* **Problem details**
Search the data below for the word "Blue" and report how many lines contain it, with no added words.

*** Opening of Supplied entries ***

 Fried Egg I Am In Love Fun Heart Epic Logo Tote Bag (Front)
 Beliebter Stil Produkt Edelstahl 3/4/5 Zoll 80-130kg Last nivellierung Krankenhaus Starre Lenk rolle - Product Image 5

*** Close of Supplied entries ***
*** Opening of Supplied entries ***

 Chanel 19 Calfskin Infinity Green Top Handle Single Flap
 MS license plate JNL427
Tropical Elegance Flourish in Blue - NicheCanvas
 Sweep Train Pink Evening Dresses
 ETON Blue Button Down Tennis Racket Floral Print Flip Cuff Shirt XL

*** Close of Supplied entries ***

* **Result for this task**
2